*INSTRUCTIONS TO FOLLOW*
The reply should hold every line of the data, unchanged and complete.

Start of SOURCE INFORMATION

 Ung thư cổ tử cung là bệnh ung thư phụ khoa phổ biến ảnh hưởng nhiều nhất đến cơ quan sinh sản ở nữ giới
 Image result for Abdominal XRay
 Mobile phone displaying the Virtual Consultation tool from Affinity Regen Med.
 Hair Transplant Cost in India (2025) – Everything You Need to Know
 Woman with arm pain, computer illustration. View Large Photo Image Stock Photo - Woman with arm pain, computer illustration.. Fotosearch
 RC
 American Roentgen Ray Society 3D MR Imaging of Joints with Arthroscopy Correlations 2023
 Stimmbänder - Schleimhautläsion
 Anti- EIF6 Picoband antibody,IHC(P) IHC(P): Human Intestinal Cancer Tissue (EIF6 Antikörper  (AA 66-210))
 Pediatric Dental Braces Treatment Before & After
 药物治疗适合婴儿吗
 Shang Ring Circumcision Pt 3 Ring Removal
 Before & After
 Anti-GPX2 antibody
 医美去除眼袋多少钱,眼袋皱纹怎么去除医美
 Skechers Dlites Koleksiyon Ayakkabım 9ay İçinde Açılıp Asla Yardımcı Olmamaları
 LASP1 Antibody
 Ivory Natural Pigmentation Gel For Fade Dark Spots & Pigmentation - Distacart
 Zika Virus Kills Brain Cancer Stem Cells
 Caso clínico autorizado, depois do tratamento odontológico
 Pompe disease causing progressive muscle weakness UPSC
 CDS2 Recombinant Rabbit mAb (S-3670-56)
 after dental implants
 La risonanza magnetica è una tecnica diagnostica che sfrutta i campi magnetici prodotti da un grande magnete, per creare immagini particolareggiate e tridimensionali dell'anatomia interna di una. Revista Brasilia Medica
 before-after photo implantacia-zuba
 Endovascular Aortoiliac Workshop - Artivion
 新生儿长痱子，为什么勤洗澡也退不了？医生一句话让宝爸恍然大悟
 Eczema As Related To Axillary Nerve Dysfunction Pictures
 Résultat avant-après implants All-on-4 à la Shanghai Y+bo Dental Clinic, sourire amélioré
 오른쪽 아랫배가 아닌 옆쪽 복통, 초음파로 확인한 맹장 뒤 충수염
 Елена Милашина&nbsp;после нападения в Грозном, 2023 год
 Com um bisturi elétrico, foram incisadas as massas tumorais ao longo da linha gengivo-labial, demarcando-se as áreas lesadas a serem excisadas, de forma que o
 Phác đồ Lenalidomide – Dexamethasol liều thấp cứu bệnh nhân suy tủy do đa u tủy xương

End of SOURCE INFORMATION

*WRITTEN SOLUTION*
 Ung thư cổ tử cung là bệnh ung thư phụ khoa phổ biến ảnh hưởng nhiều nhất đến cơ quan sinh sản ở nữ giới
 Image result for Abdominal XRay
 Mobile phone displaying the Virtual Consultation tool from Affinity Regen Med.
 Hair Transplant Cost in India (2025) – Everything You Need to Know
 Woman with arm pain, computer illustration. View Large Photo Image Stock Photo - Woman with arm pain, computer illustration.. Fotosearch
 RC
 American Roentgen Ray Society 3D MR Imaging of Joints with Arthroscopy Correlations 2023
 Stimmbänder - Schleimhautläsion
 Anti- EIF6 Picoband antibody,IHC(P) IHC(P): Human Intestinal Cancer Tissue (EIF6 Antikörper  (AA 66-210))
 Pediatric Dental Braces Treatment Before & After
 药物治疗适合婴儿吗
 Shang Ring Circumcision Pt 3 Ring Removal
 Before & After
 Anti-GPX2 antibody
 医美去除眼袋多少钱,眼袋皱纹怎么去除医美
 Skechers Dlites Koleksiyon Ayakkabım 9ay İçinde Açılıp Asla Yardımcı Olmamaları
 LASP1 Antibody
 Ivory Natural Pigmentation Gel For Fade Dark Spots & Pigmentation - Distacart
 Zika Virus Kills Brain Cancer Stem Cells
 Caso clínico autorizado, depois do tratamento odontológico
 Pompe disease causing progressive muscle weakness UPSC
 CDS2 Recombinant Rabbit mAb (S-3670-56)
 after dental implants
 La risonanza magnetica è una tecnica diagnostica che sfrutta i campi magnetici prodotti da un grande magnete, per creare immagini particolareggiate e tridimensionali dell'anatomia interna di una. Revista Brasilia Medica
 before-after photo implantacia-zuba
 Endovascular Aortoiliac Workshop - Artivion
 新生儿长痱子，为什么勤洗澡也退不了？医生一句话让宝爸恍然大悟
 Eczema As Related To Axillary Nerve Dysfunction Pictures
 Résultat avant-après implants All-on-4 à la Shanghai Y+bo Dental Clinic, sourire amélioré
 오른쪽 아랫배가 아닌 옆쪽 복통, 초음파로 확인한 맹장 뒤 충수염
 Елена Милашина&nbsp;после нападения в Грозном, 2023 год
 Com um bisturi elétrico, foram incisadas as massas tumorais ao longo da linha gengivo-labial, demarcando-se as áreas lesadas a serem excisadas, de forma que o
 Phác đồ Lenalidomide – Dexamethasol liều thấp cứu bệnh nhân suy tủy do đa u tủy xương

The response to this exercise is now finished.